= Web page caption snippets =
/---

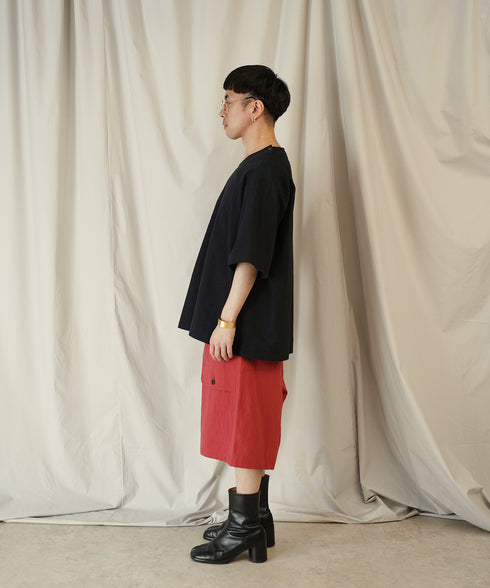 H163 / 着用サイズ: M*ブラック ボトムス:217641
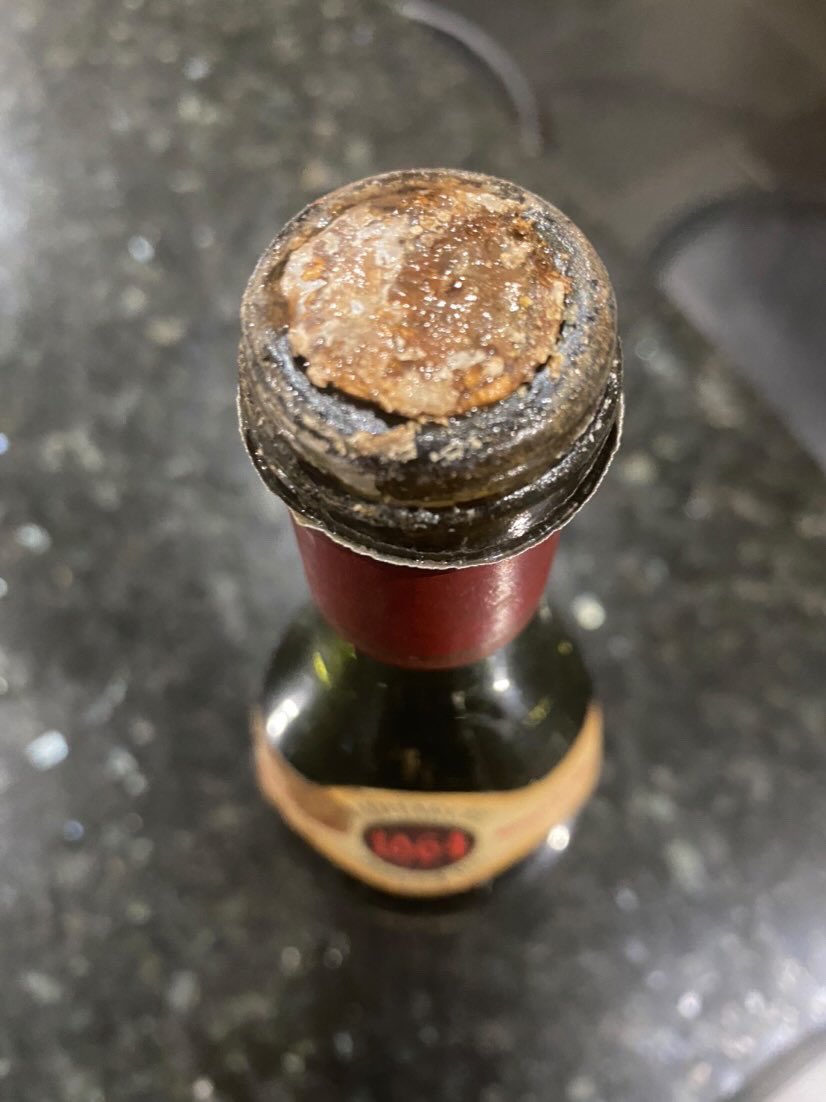 KawaiSusana's tweet photo. @mrtomfizz @donalde @wine_learn @wineworldnews @CambWineBlogger @jimofayr @jwalkermobile @savortheharvest @ArdenPaul4 @joefattorini @SteveKubota @frankstero @LizGabayMW This is a transfer from my IG follower David Montgomery. 1964 Beaujolais. Awful cork, utterly gorgeous wine.
#beaujolais not #taintedcork #cork or #screwcap https://t.co/b8k1nfuInH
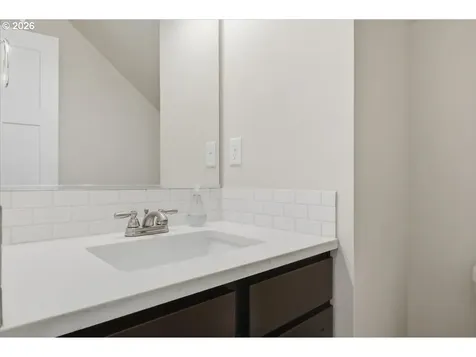 9028 N Drummond Avenue Portland OR 97217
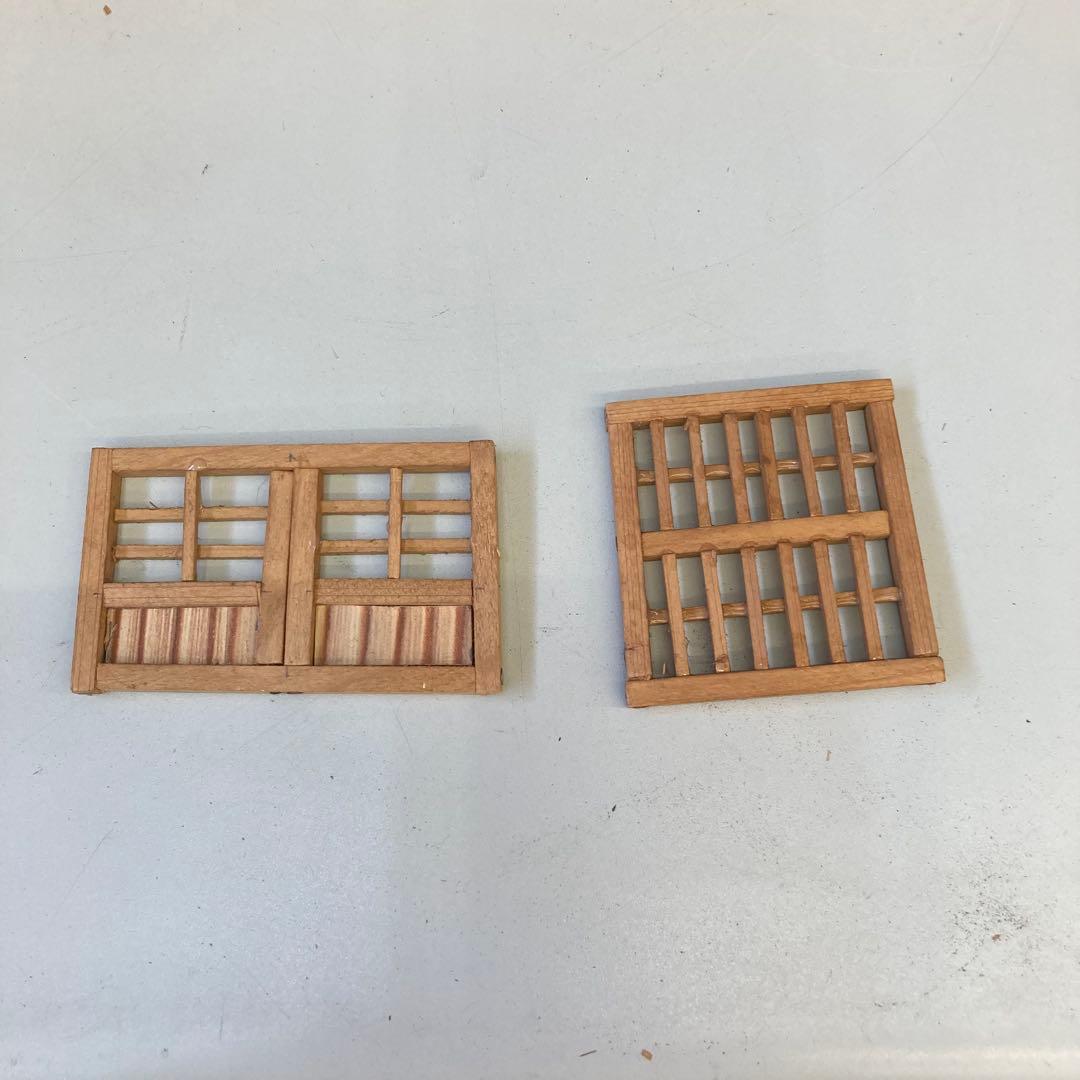 昭和レトロ 木製 古民家模型 藁屋根 茅葺き屋根 曲がり屋 馬屋 猫 ネコ 置物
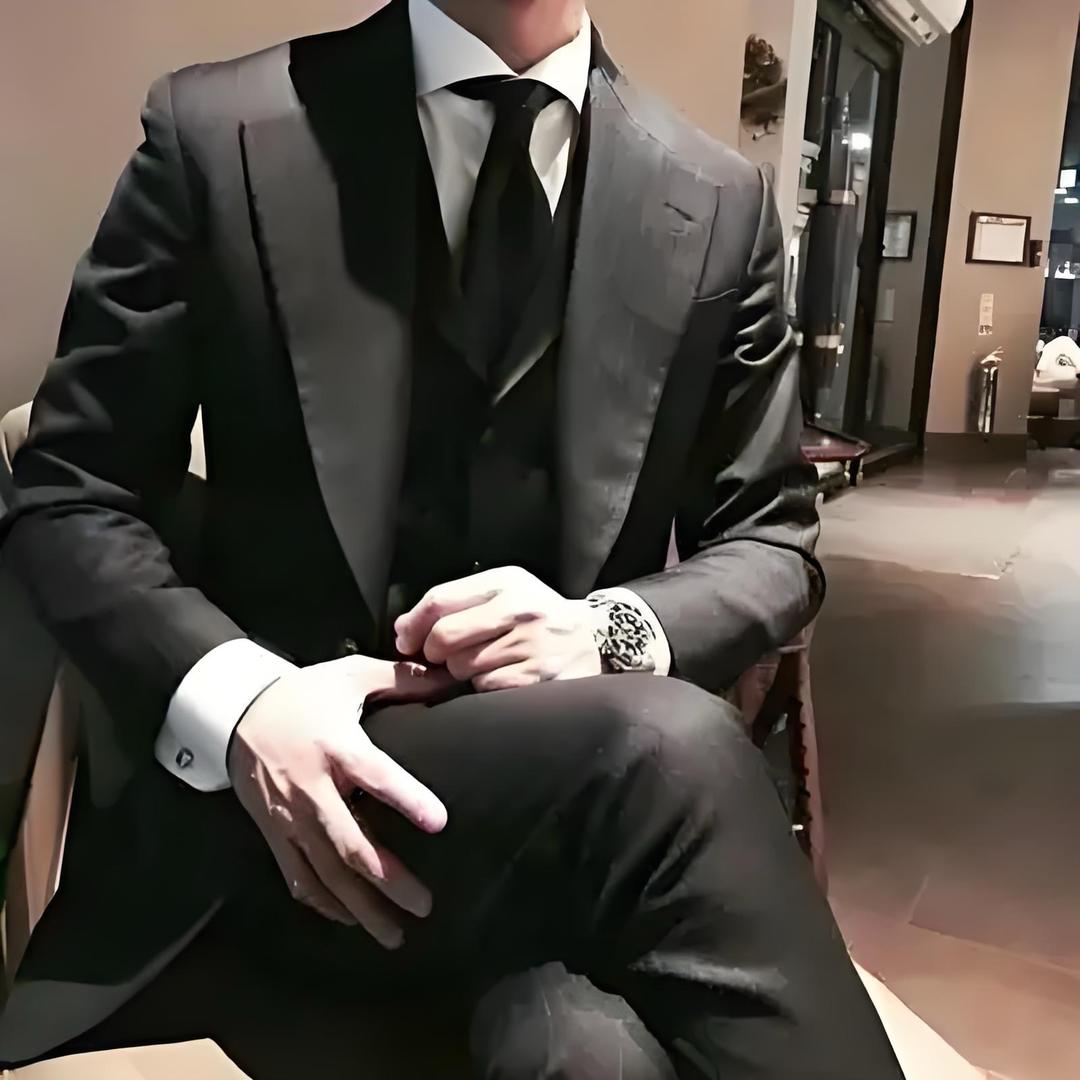 ℳ๓ 伯_爵ℳ๓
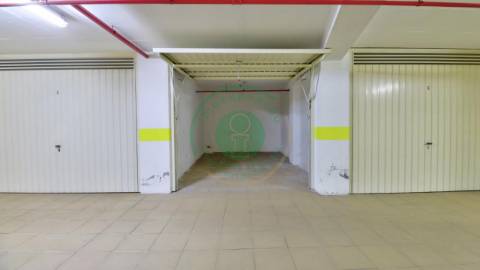 - Situada em zona central da cidade, entre a...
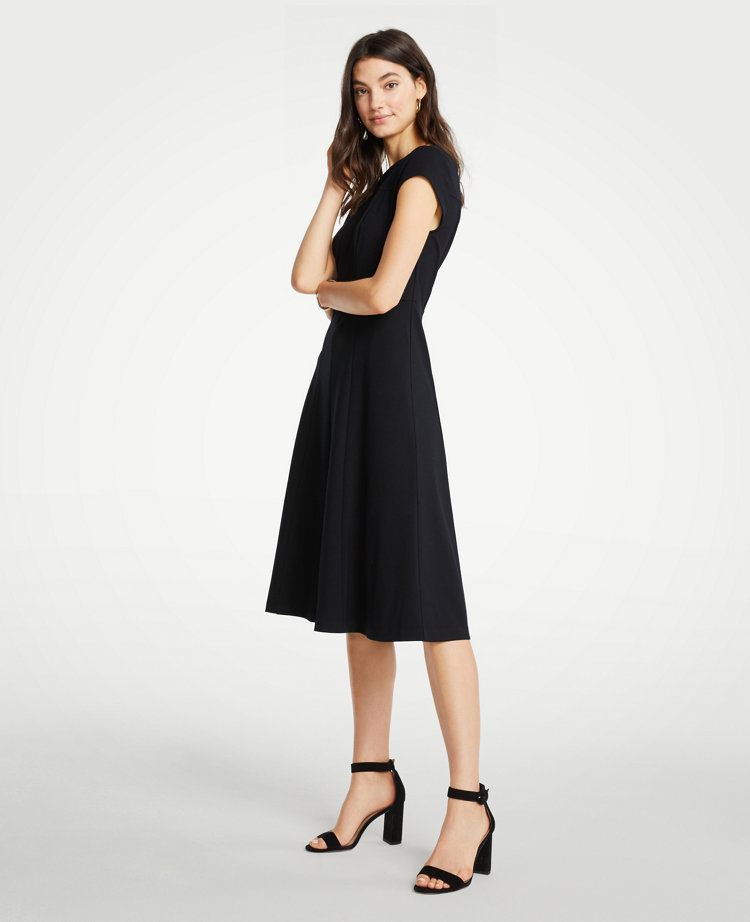 ann taylor little black dress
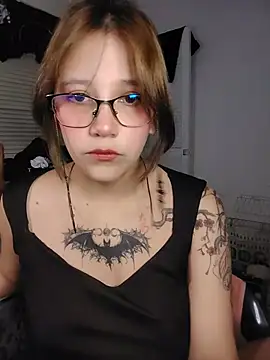 Snapshot of Belcetnat chatting on 4, 8, 2026 Belcetnat online show from 4, 8, 2026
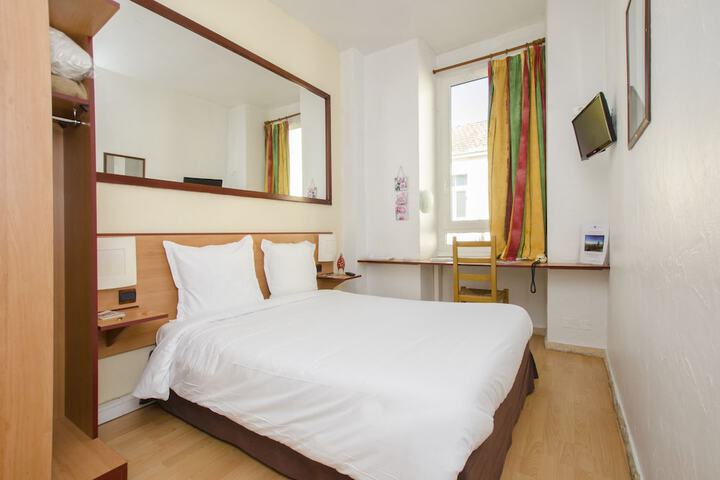 Room 2 of 11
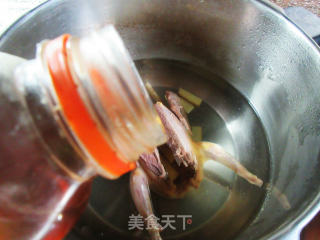 铁棍山药鸽子汤的做法步骤：4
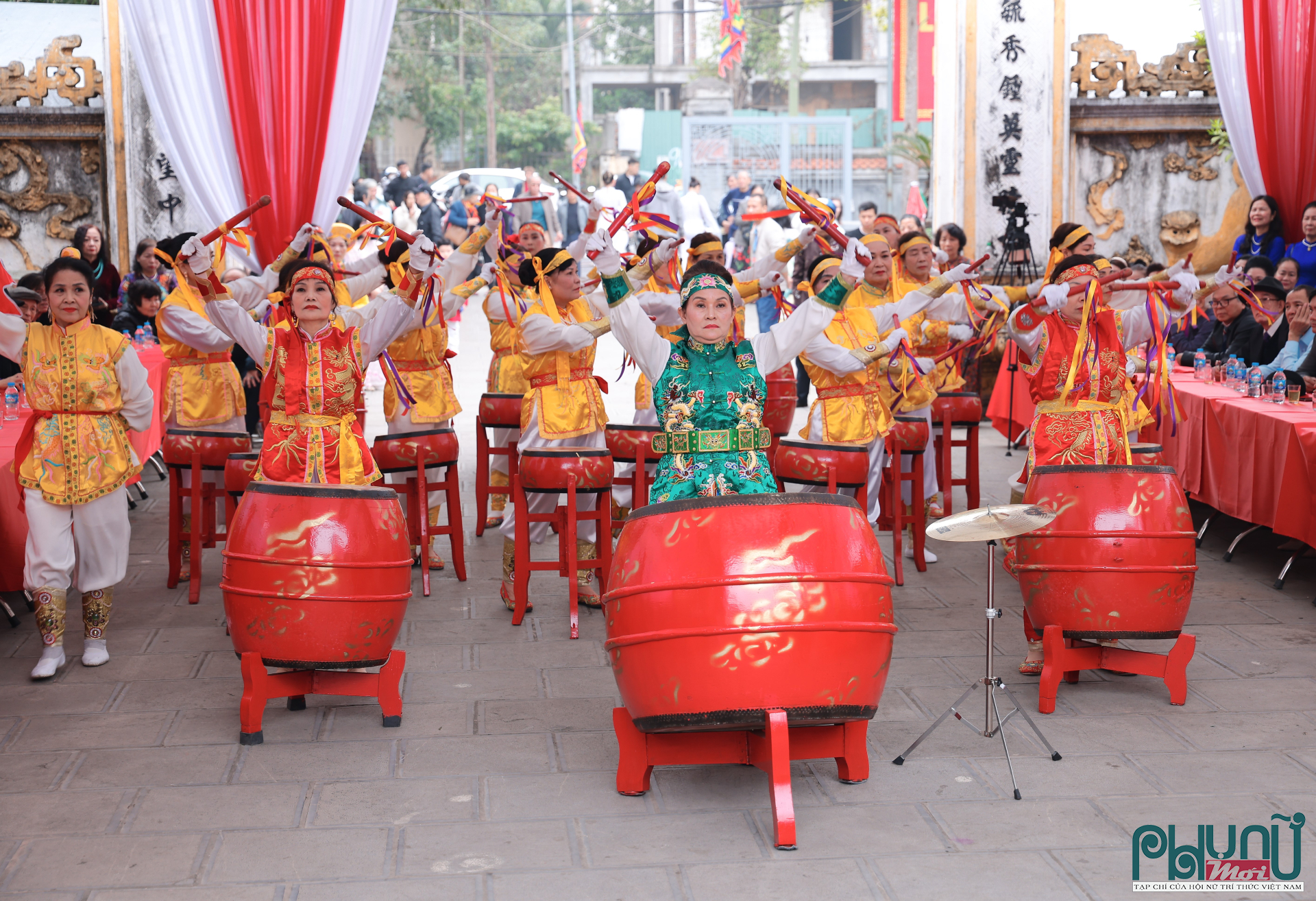 Những giai điệu nổi tiếng của Nhã nhạc Cung đình Huế, với ý nghĩa ca ngợi cảnh vật thiên nhiên hùng tráng, tươi đẹp, đất nước thái bình thịnh trị. Hòa tấu Lưu thủy - Kim tiền - Xuân phong - Long Hổ. Biểu diễn Dàn nhạc Hương Sắc Việt.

\---

= EXERCISE AIM =
The lines wanted run from the line containing "Room 2 of 11" through the end of the entries; return them exactly, both ends included, and keep pictures out.

= SOLUTION BELOW =
 Room 2 of 11
 铁棍山药鸽子汤的做法步骤：4
 Những giai điệu nổi tiếng của Nhã nhạc Cung đình Huế, với ý nghĩa ca ngợi cảnh vật thiên nhiên hùng tráng, tươi đẹp, đất nước thái bình thịnh trị. Hòa tấu Lưu thủy - Kim tiền - Xuân phong - Long Hổ. Biểu diễn Dàn nhạc Hương Sắc Việt.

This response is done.